Vintage film helps bring the past back to life

A still from Joe the Clip.
A still from Joe the Clip.

A vintage movie depicting agricultural life in the late 19th century has received its world premiere, as part of a nostalgic film collection saved from a unique archive.

Joe the Clip is the latest trip down memory lane in the Bygone Coquetdale series, produced by The Upper Coquetdale Film Group.

Screenshot from Joe the Clip.

Screenshot from Joe the Clip.

The organisation was started more than four decades ago by Dr Keith McKay, who rallied a number of residents to record local events.

From the early 1970s, the group began to make several 16mm documentary films featuring the landscape and people of the Coquet Valley.

One of these was Joe the Clip. The planning and filming in the Cheviot landscape had been carried out in the 1990s, but the unexpected death of Dr McKay in 2001 brought a sudden halt to the production and the film was unfinished.

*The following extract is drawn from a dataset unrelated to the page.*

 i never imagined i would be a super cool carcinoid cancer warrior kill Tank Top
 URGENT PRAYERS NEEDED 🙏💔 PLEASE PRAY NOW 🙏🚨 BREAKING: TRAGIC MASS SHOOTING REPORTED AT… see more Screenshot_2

However, the piece has now been completed after the lost film was rediscovered earlier this year. All the parts in the movie are played by people who lived in Coquetdale at the time of filming.

Local dialect poet and real-life shepherd, Alan Wood, plays Joe, an itinerant Coquetdale worker who made his meagre living shearing sheep, digging ditches and building dry-stone walls.

It proved a hit at last Friday’s unveiling at Coquetdale Music Heritage Centre in Thropton. The group’s chairman, Ian Thompson, said: “It was a hugely successful evening. It brought back a lot of memories for people.”

The documentary was captured on 16mm film and has been restored to a modern-day standard.

Ian said: “We came across this unfinished version which was entitled Joe the Clip. The footage was there, but we had to come up with an original script and score.”

Joe the Clip is priced at £9.99 and is available from Shepherds Walks and Phillips newsagents, both in Rothbury. It can also be purchased from tourist information centres around the county.

The film depicts the daily grind of a typical rural worker in the late 19th century. Hard work, long hours, poor pay and vile beer.

The first part of the DVD is titled The Film Makers’s Story. This tells the tale of the film group and combines interviews of surviving film group members with digitally re-mastered archive film and excerpts from six earlier films to tell a fascinating, heart-warming and, at times hilarious film-maker’s story.

Funding support has come via Northumberland National Park and Northumberland County Council.

Joe the Clip is the seventh DVD in the Bygone Coquetdale series. All of the pieces were recorded by the group a number of decades ago on 16mm film.

As technology moved on, the reels languished in sheds and lofts, until they were saved by volunteers. They were then catalogued and digitised to broadcast standard and released as DVDs.

The titles of the DVDs are John Barleycorn, Coquet Meander, Sett for Sunday, Coquetdale Past and Present, Dippie’s View and Rothbury Carnival.

The films are part of a larger archive of footage which was captured by the group over the years. It has been future-proofed in high definition and copies of the archive reside at the county archives at Woodhorn. It includes hours of raw footage of valley characters. Sound recordings of their voices exist on 3/4”reel-to-reel.

Painstaking technical work has been carried out by Keith Hartnell, helped by Rob Fitzgerald, of Blagdon Studios.

It is hoped further archive material can be put onto DVD.